Not that "Stella" stands with the season's best movies. The story doesn't hold enough surprises to justify its running time of more than two hours, and the filmmakers fall back on R-rated sensationalism more often than a genuinely mature movie would need, as if they didn't trust the central relationship to sustain interest on its own.
There are lots of lively performances, though: The cast ranges from newcomer Taye Diggs as Winston to veteran Whoopi Goldberg as Stella's best friend - and the scenery is splendid in Jamaica and San Francisco alike. First-time filmmaker Kevin Rodney Sullivan directed.
In addition to their age difference, Stella and Winston also hail from different countries, giving a touch of multiculturalism to their tale.
Cultural differences play a darker role in Return to Paradise, a new drama that raises more difficult moral issues than it's prepared to handle convincingly.
The story begins by introducing three young Americans on vacation in Malaysia, where casual drug use is among their dubious recreations. When two of them head back to the United States, the third decides to stay and pursue his dream of a career in environmentalism.
A couple of years later, the returned New Yorkers are shocked to learn that their companion was arrested on drug charges soon after their departure, and will be executed as a narcotics dealer unless they go back to Malaysia, confess that some of the drugs belonged to them, and agree to serve time in a very frightening prison. What will they do? And what would we do if we were in their position?
"Return to Paradise" asks hard ethical questions centering on trust, honesty, and self-sacrifice, and it makes them vividly real by linking them with everyday people who never planned to face them in such an urgent, unsettling way.
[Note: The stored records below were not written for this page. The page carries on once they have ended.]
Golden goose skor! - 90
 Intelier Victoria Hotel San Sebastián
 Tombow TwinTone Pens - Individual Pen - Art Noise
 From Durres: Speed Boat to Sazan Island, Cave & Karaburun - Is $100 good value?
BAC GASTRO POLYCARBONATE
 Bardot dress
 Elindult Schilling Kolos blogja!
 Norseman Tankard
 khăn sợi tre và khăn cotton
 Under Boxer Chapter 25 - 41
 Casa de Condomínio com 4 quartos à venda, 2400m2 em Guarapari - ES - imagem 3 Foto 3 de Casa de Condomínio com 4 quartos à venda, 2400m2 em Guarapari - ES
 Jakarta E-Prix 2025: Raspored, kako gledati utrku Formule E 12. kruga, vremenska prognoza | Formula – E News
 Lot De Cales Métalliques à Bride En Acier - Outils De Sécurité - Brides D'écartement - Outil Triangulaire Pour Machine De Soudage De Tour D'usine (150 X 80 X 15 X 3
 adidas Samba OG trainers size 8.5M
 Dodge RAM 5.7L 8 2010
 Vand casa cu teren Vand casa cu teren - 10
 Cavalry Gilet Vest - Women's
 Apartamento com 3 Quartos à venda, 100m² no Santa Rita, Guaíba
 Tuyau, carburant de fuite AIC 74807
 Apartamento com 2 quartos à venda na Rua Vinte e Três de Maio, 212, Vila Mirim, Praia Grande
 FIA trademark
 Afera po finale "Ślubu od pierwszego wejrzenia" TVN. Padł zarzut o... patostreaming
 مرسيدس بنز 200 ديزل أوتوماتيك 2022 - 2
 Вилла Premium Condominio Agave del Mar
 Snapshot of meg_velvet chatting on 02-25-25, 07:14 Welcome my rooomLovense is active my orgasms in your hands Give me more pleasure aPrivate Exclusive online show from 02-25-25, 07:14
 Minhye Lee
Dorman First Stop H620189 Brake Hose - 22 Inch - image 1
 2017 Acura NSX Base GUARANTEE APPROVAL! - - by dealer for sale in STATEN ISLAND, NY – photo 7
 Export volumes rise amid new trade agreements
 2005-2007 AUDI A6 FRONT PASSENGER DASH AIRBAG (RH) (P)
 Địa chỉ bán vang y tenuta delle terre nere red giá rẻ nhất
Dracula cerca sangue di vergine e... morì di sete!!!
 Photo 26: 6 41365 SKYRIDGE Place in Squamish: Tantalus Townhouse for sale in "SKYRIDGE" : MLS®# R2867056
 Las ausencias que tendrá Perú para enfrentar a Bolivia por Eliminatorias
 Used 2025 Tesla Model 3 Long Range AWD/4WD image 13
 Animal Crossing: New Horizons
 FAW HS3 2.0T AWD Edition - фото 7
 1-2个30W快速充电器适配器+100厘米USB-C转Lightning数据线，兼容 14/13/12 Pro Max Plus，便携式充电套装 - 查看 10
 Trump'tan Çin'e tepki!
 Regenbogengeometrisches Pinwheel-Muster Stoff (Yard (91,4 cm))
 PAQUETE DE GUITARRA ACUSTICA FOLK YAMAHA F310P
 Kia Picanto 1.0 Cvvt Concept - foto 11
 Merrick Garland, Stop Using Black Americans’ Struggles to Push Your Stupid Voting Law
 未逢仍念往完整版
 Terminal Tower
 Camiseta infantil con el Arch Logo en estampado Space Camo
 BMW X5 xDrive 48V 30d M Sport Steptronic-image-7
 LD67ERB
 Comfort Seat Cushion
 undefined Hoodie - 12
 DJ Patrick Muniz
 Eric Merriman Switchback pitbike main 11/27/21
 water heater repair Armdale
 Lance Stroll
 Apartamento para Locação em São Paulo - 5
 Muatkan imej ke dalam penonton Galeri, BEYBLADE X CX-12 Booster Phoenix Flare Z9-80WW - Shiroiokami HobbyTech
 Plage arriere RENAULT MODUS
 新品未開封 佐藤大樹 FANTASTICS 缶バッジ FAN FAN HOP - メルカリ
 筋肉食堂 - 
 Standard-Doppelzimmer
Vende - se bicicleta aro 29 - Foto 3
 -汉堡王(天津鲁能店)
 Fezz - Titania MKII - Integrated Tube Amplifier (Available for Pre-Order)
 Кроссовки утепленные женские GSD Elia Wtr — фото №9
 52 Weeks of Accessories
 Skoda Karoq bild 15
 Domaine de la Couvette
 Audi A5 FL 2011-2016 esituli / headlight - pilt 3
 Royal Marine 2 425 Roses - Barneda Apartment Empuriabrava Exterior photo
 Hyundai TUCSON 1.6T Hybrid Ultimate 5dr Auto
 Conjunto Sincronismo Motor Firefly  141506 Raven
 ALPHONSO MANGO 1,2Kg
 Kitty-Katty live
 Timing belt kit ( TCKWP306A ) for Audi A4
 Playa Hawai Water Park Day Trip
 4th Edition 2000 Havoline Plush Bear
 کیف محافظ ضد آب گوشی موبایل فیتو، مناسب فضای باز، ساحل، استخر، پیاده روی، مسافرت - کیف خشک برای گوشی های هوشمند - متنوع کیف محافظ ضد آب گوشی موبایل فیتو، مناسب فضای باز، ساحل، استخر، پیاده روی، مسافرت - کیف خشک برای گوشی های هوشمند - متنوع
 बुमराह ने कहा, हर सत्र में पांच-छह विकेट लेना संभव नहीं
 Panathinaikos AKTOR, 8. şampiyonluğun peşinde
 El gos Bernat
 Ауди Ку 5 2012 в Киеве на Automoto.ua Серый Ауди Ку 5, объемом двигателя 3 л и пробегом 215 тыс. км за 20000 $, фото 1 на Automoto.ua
But what promises to be a challenging and engrossing movie is weakened by two serious flaws. One is the decision to dilute its primary issues with a trite romantic angle involving one of the New Yorkers and a lawyer (Anne Heche) representing the condemned prisoner. The other is a very weak performance by rising star Vince Vaughn as the man involved in this mistimed affair. He's supposed to be facing the most difficult crisis of his life, but through most of the story he barely manages to look nervous.
The picture takes a truly surprising turn near the end, and Joaquin Phoenix turns in such strong acting as the prisoner that he almost compensates for Vaughn's shortcomings. But ultimately "Return to Paradise" is more a squandered opportunity than an enlightening moral tale. Almost a dozen years have passed since director Joseph Ruben reached the top of his form in "The Stepfather," still one of Hollywood's most memorable thrillers. His new effort is more ambitious but a lot less impressive.